_Work task:_
When you reach the listing, restate it word for word, leaving nothing out.

_Information supplied:_
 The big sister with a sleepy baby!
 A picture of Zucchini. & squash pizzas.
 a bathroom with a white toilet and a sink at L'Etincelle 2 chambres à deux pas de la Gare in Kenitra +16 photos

_Answer for the task:_
 The big sister with a sleepy baby!
 A picture of Zucchini. & squash pizzas.
 a bathroom with a white toilet and a sink at L'Etincelle 2 chambres à deux pas de la Gare in Kenitra +16 photos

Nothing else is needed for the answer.